Welcome to Love Files, our personal essay column exploring how our experiences have shaped our views on love – positively or negatively. From friendship to familial, we’re unpacking it all in this series.
You are your own primary partner: that’s one of the first things I learnt when I started practising polyamory a few years ago, which seems kind of counter-intuitive. After all, polyamory is about your relationships with other people, right? Forming them, managing them when conflicts (inevitably) arise, flitting from partner to partner as free as a bird. That’s what it seemed like when my life partner first introduced the concept to me. “It means you don’t belong to anyone, and nobody belongs to you,” they said. It’s kind of a mantra in the poly community: you are nobody’s property, and nobody is yours.
It seems like such a “duh” concept. Of course, you don’t belong to anybody, of course, nobody belongs to you. I figured if that’s all polyamory was about, then I’d thrive. I hated to be owned. I’d had a few longish term relationships before my life partner, and they always ended in similar ways: I’d start to feel crowded and smothered with affection.
Whoever I was dating would tell me that they loved me, and even though I’d spend all these relationships waiting for that very moment, as soon as they said it I would shut down. I’d pull away, or I’d give them a tight-lipped smile and say something like, “Oh, that’s nice,” and then I’d take the first chance I got to sabotage the relationship. Maybe I cheated emotionally one or two times…I’m not proud of it, obviously, but at the time I thought of it as asserting my independence. If they really loved me, I thought, they would want me to do whatever I wanted. They wouldn’t try to cage me.
So I’d never really been truly monogamous, and then I met the person that would become my Person, and they were just as wild and free as I was, except (unlike me) they communicated their intentions clearly and with a lot of care. They’d ask me about my boundaries, about my needs and how much I deserved to have those needs met — even if they couldn’t be the one to meet all of them.
At the time I was in a really transformative point in my life: I was trying to rebuild myself from scratch. The person that I’d been for the first 21 years of my life wasn’t the person I wanted to be anymore: I was spending a lot of time with myself, partly because I wanted to and partly because I didn’t trust myself to maintain any meaningful relationships. I’d spent so much of my life in a cycle of chasing after intimate connections, desperate to be loved — and then retreating from that same intimacy, burning every bridge and rejecting any attempts from others to actually care for me.
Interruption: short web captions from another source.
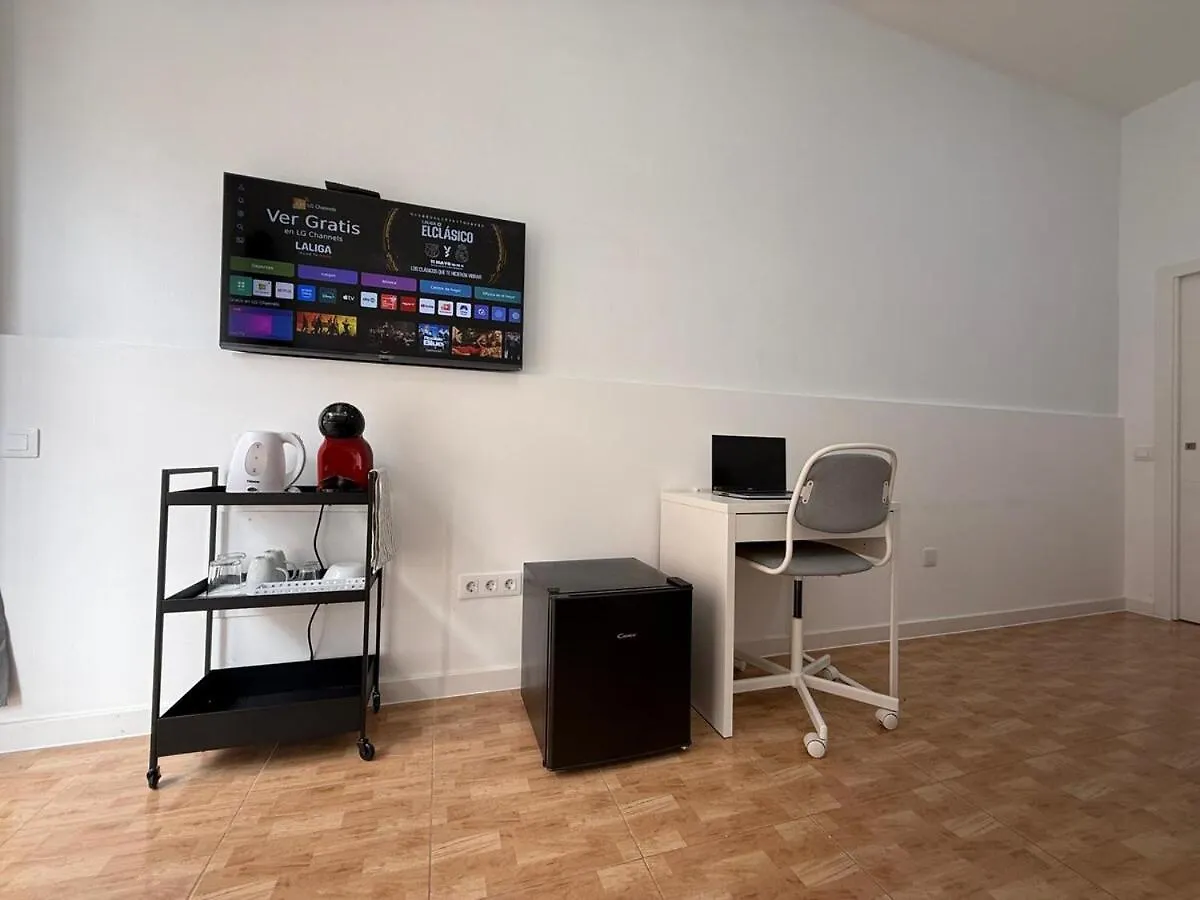 Apartment Zen Loft In Central Town Corralejo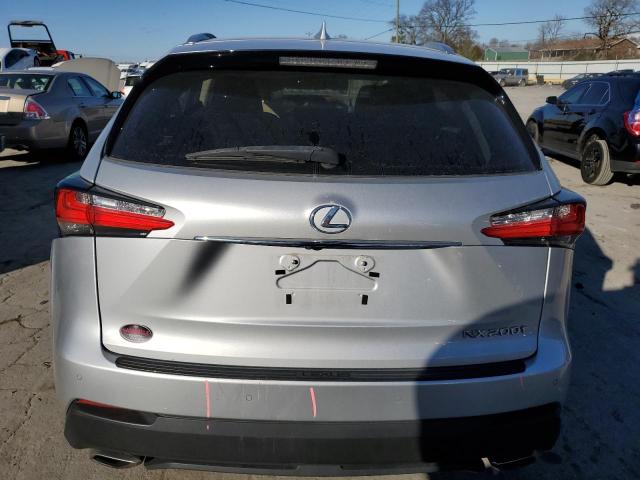 2017 LEXUS NX 200T BA - JTJYARBZ6H2071779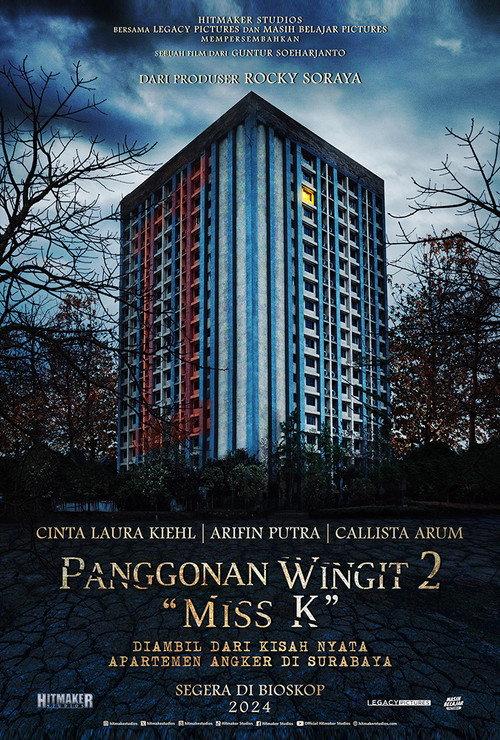Panggonan Wingit 2 filmas online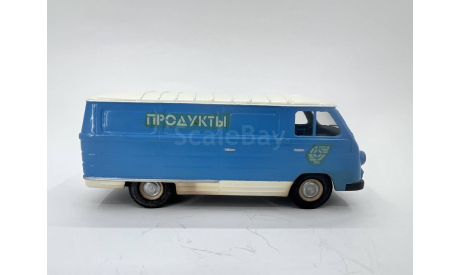 ЕрАЗ-762В продуктовый фургон (Vector models), масштабная модель, Vector-Models, scale43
I won’t get into it, but I hit a breaking point: something had to change. And it had to start with me. Even before I met my partner, before I started practising polyamory for real, I was working on that vital first step in maintaining healthy polyamorous connections: I was partnering with myself.
Again, seems kind of obvious: I think most of us have said something along the lines of “I am my own best friend, I am the only one that’s truly got my back, no-one will ever love me like I love me,” but there’s a difference between saying “I am the only one I’ve got,” and saying “I am partnering with myself.” It’s a difference between active versus passive care. It’s a difference between choosing yourself over and over again, rather than putting up with yourself.
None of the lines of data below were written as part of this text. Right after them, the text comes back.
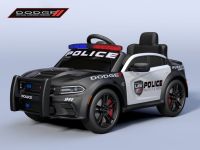 Elektro Kinderauto Dodge Charger U.S. Polizei 12V4,5A Akku EVA Rheinland-Pfalz - Idar-Oberstein Vorschau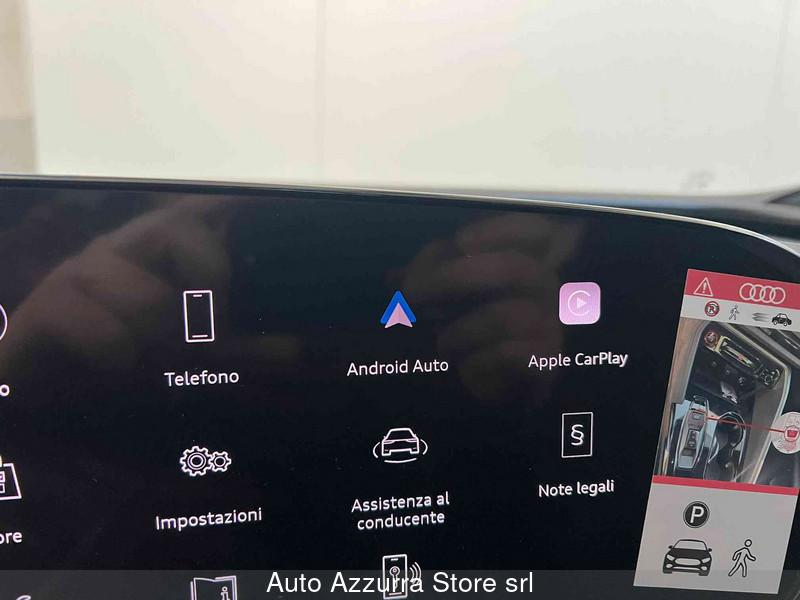 Audi Q5 2.0 TDI MHEV+ S Line Edition quattro 204cv S-Tronic *TETTO, 20'', PROMO AZZURRA*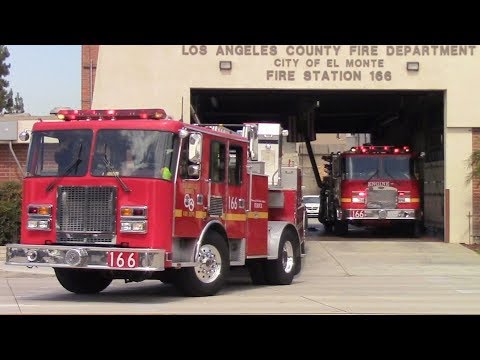 LACo.FD Light Force 166 (Air Horn)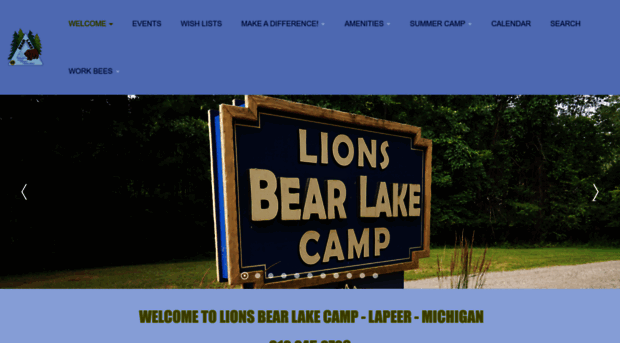 bearlakecamp.org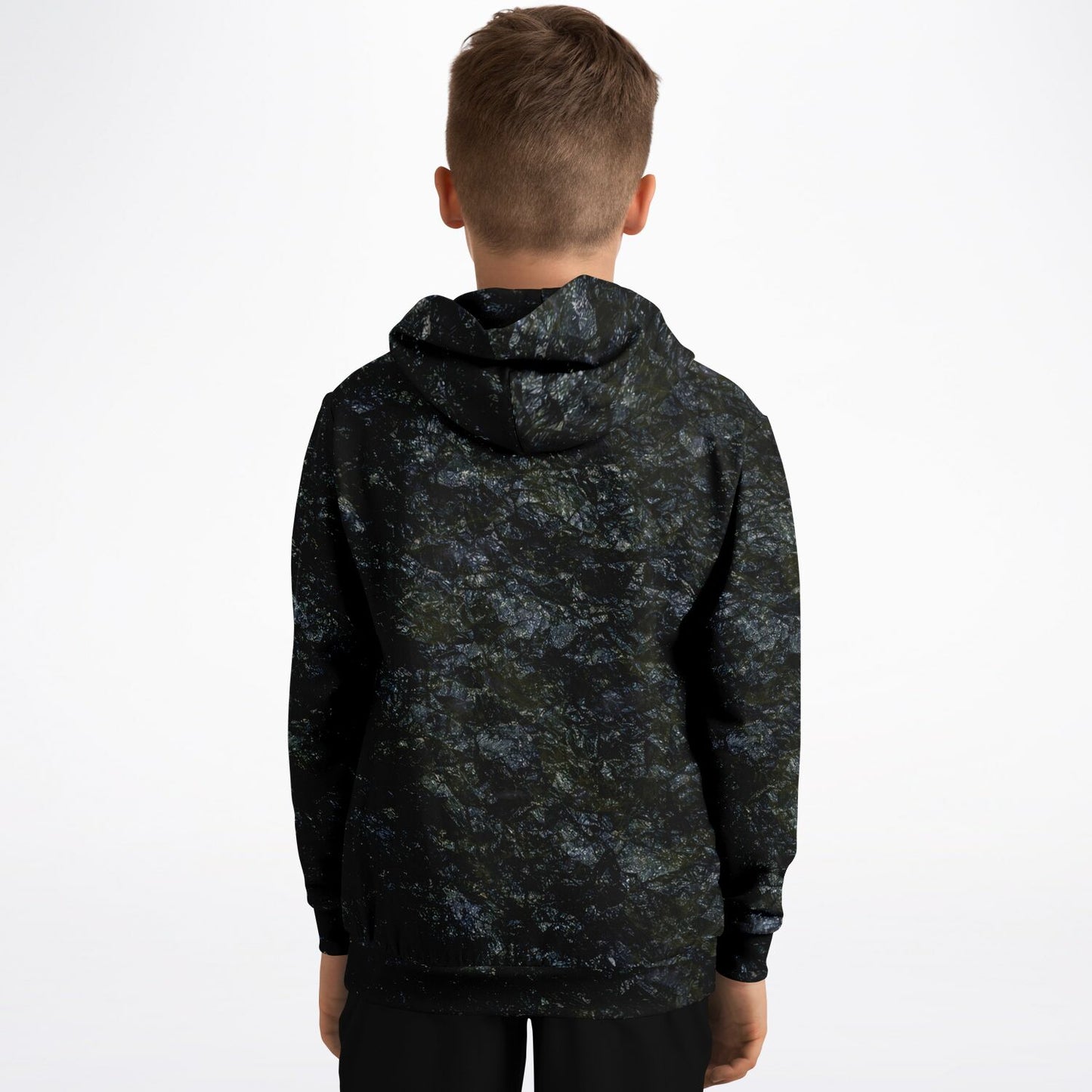 Earth Mass - Kids Hoodie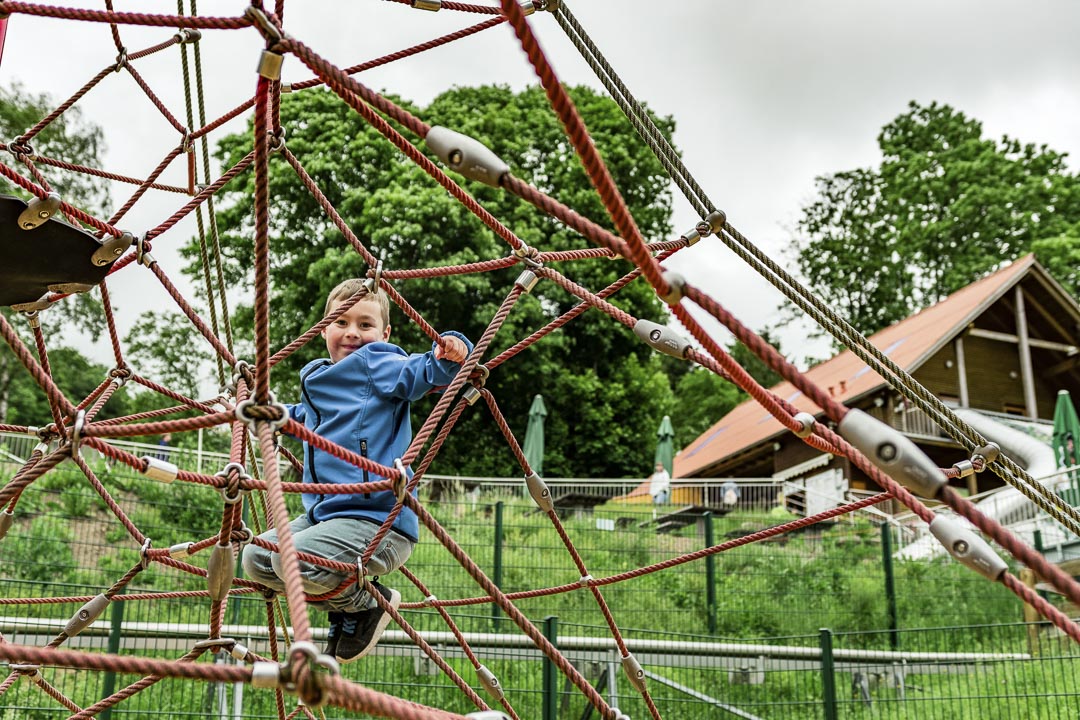 Ausflugsziel: Erlebnishöhe Wald-Michelbach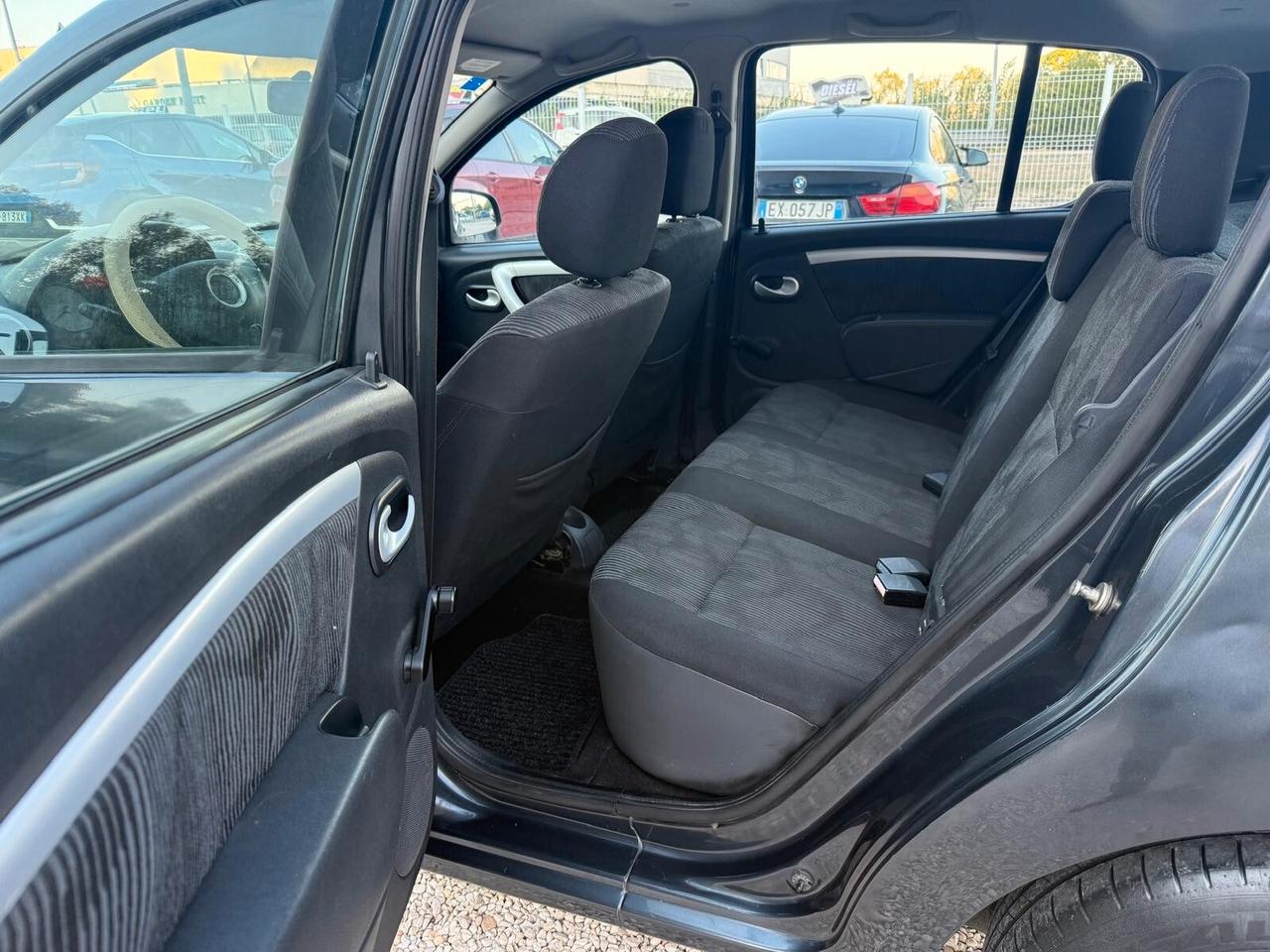 Dacia Sandero 1.4 8V GPL Lauréate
I don’t want to trigger anyone, but…if you spend a lot of time with yourself, if you don’t trust anyone else to be there for you, is it really because you’re just that secure in yourself? Or is it a way to shield yourself from forming genuine connections with other people out of the fear that they will only hurt you? Did you choose yourself? Or are you stuck with yourself…
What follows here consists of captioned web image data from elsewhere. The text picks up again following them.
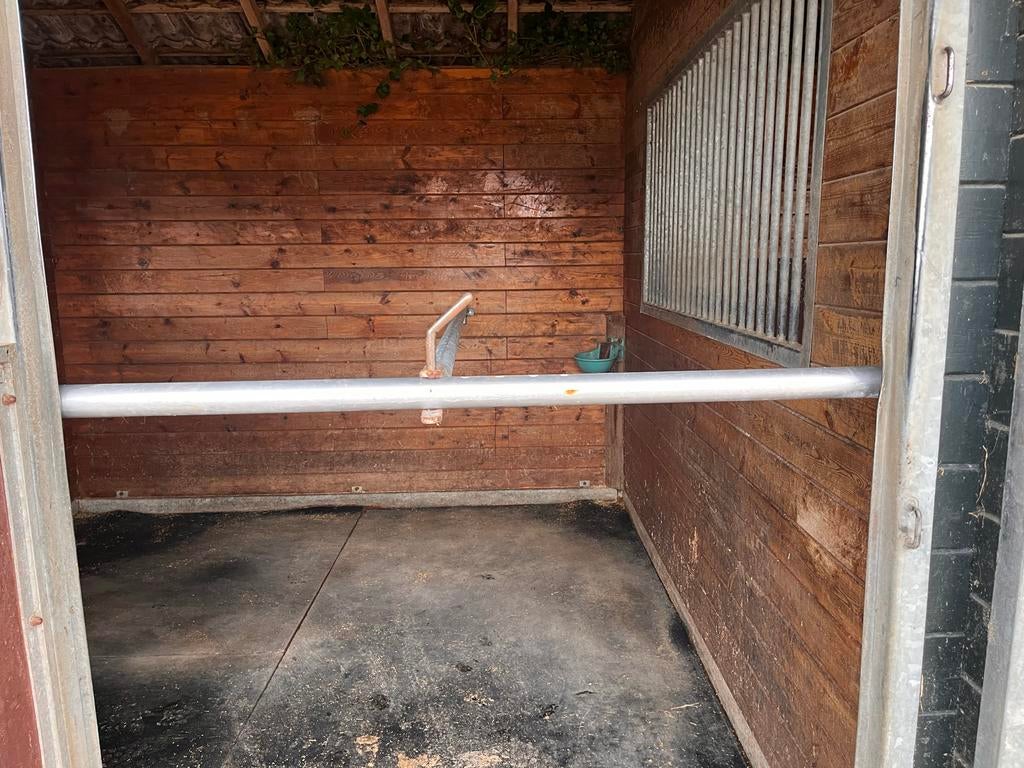 verstelbare paardensteun / hulp bij tandbehandeling, Ophalen of Verzenden, Overige soorten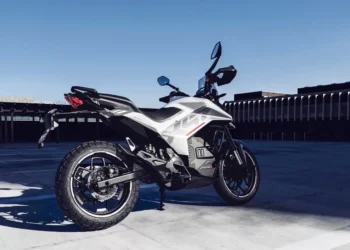 Ultraviolette X-47: a nova crossover elétrica que evoca a Ducati Hyperstrada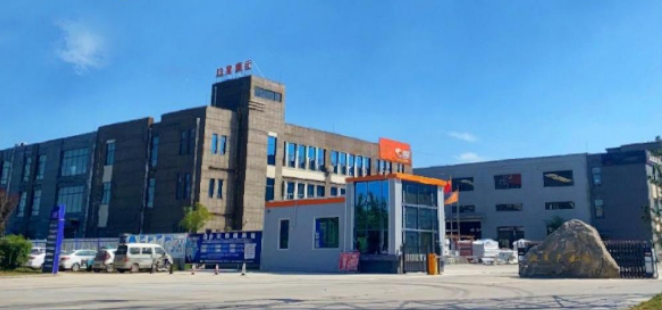 Rongchi CNC Machinery is high-tech enterprise who focus on independent research and development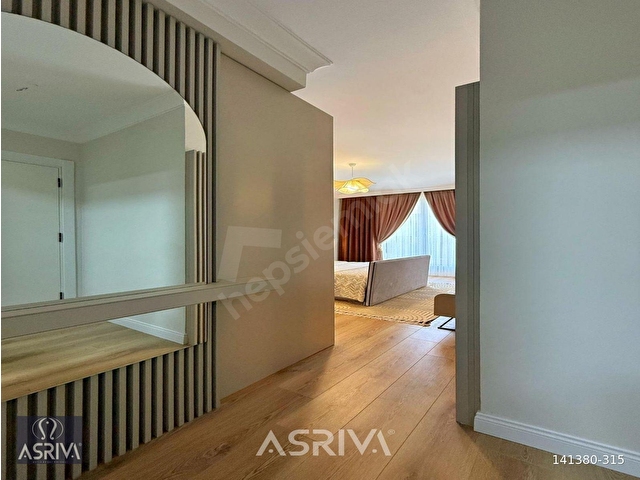 ASRİVADAN HAVUZLU SİTE İÇİ 48 AY VADE İMKANIYLA BİTMİŞ 2+1 DAİRE - Görsel 25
These are difficult questions. These are deep, deep, painful questions, and most of us avoid asking these questions because we’re terrified of the answer, terrified of sitting with the reality that we might not even like ourselves that much — and the way most monogamous relationships are sold to us make it so that we don’t even have to like ourselves that much. We can just let someone else do it.
That’s why so many of us seek out romantic partner after romantic partner, desperate for somebody else to carry the (in our minds) heavy burden of loving us. And then when we get into those relationships, we panic. Maybe we pick fights because we want our partners to prove over and over again that they will choose us even when we are at our worst. Or we start to pull back from our partners because we didn’t actually want them in the first place — we just wanted to be wanted by somebody else.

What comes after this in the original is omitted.